You don't have that many solutions. If you want to limit the number of generated files, then you have the files to be the more static as possible as you can.
If I was an horrible dictator, I would force the whole CSS/JS handling to be highly declarative (each module would have to expose their own CSS and JS files in a declaritive way, either in the .info or in a custom hook) then I would aggregate all of them on every page, and this problem would be solved.
Because sometimes, for some execptions, some files should not be aggregated on every page (and the dynamic inclusion should be the exception in a static oriented pattern, the actual D7 core pattern is upside down) then some options for controlling that should be declared in this files registry, statically again.
Plone works this way as I understood.
Static register of every CSS and JS files would allow you to make the aggregated files fully predictable, then the dynamic bits of it would be the exceptions in the pattern, and you could treat it differently (maybe not aggregating them at all would be a simple solution). It would also allow sysadmins to override the aggregated files and profiling the aggregation the way that fits more to their physical environment.
Never let your logic be controlled by GET parameter or URL generation logic. Aggregation and menu callback should let visible as URL's only server side computed hashed.

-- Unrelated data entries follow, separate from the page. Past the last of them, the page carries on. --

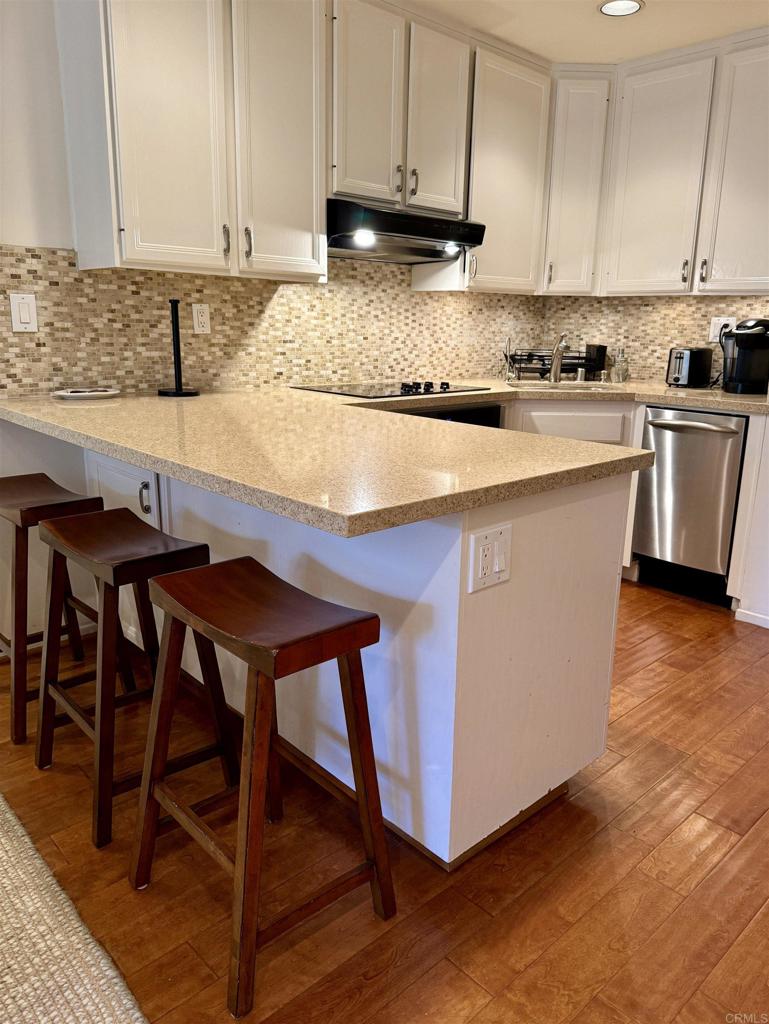 1562 Camino Del Mar - photo 12
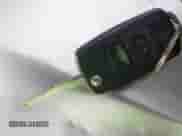 2009 Volkswagen Tiguan S с VIN WVGAV75NX9W002752, выставлен на аукционе IAAI как лот 42452234 с пробегом 138 794 миль миль и . История ставок и продаж доступна на DreamBid. Изображение 11.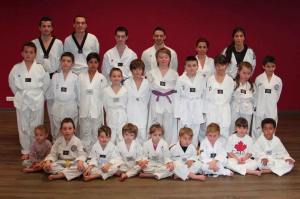 11206056_879223935471779_4182898454245461894_n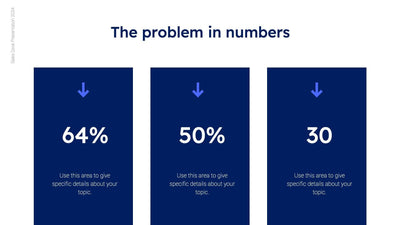 The-Numbers-Slides Slides Numbers Slide Template S12262201 powerpoint-template keynote-template google-slides-template infographic-template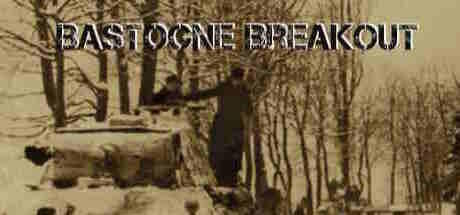 Banner of BastogneBreakout 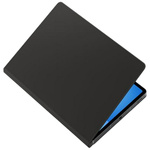 Oryginalne Etui SAMSUNG GALAXY TAB S10 FE+ Samsung Smart Book Cover czarne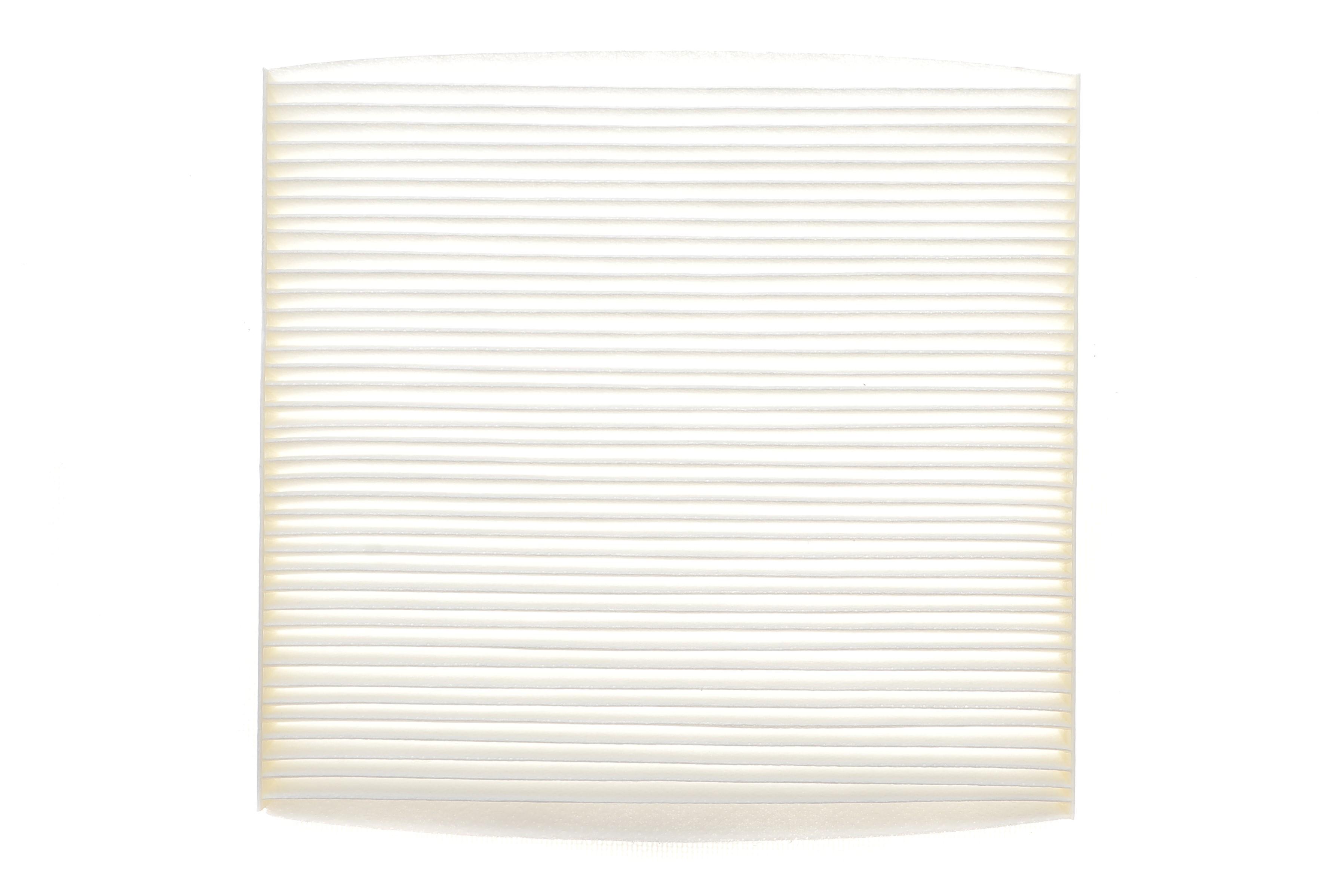 Фільтр салону Toyota Avensis/Corolla 00-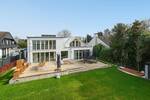 Einfamilienhaus Düsseldorf Hubbelrath - 9 Zimmer, 485 m&sup2;, 2.990.000&euro; | Angebot:26204659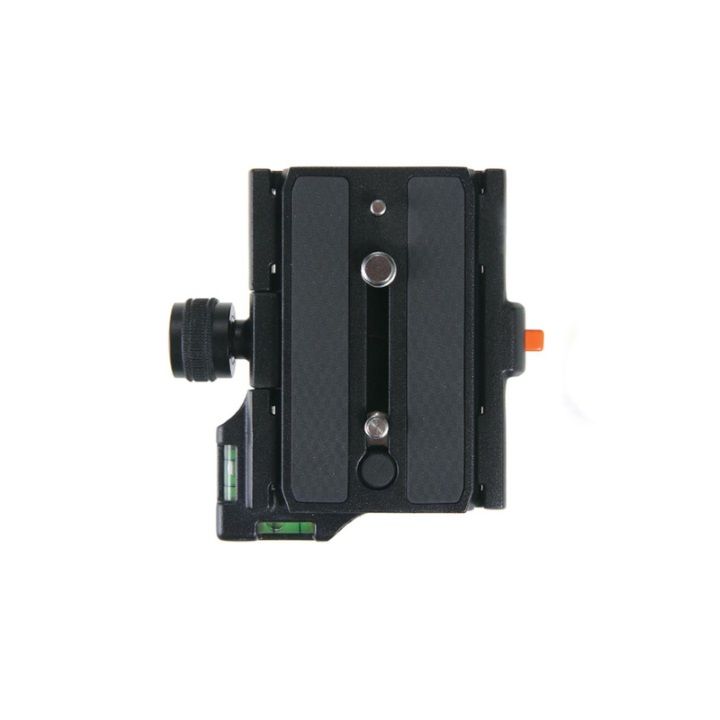 Vanguard QS-47PF Quick Release Plate **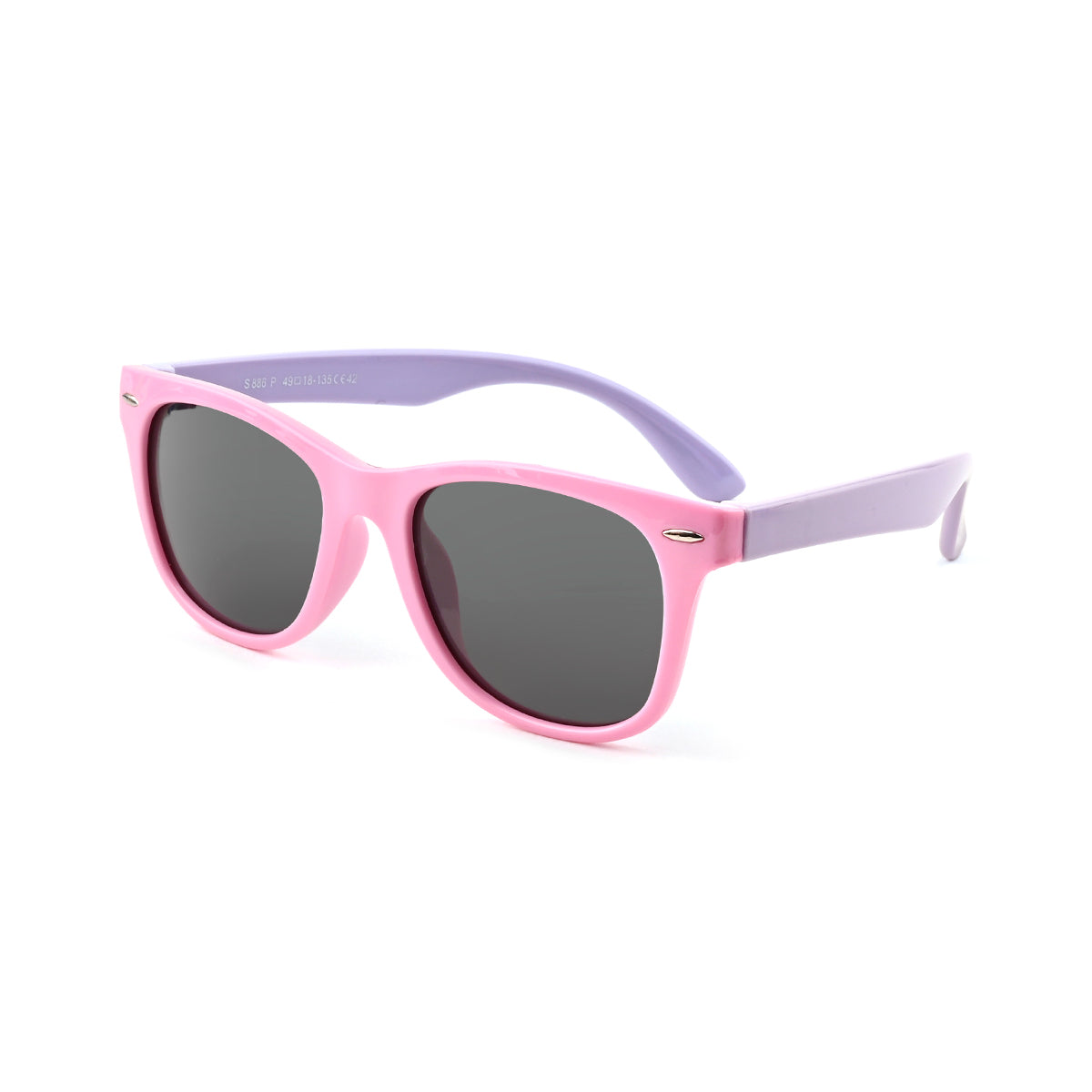 30010359-C42-S.L.PINK/PURPLE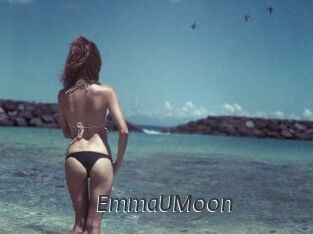 EmmaUMoon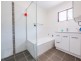 21 Detling Street, Stafford Heights QLD 4053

On a production site, the variable will never grows since all hashes will already have been generated on most pages.
If the URL building logic is predictable you can then have malicious hack attempt or DDoS attacks based on that.
There is nothing ugly about storing hashes with associated files array in server side as long as you don't generate different aggregated file on every page (which is quite dump thing to do). The whole aggregation goal is to have the less files possible it can have to ensure that a single client browsing on site won't fetch a new CSS and JS file each new page it comes to.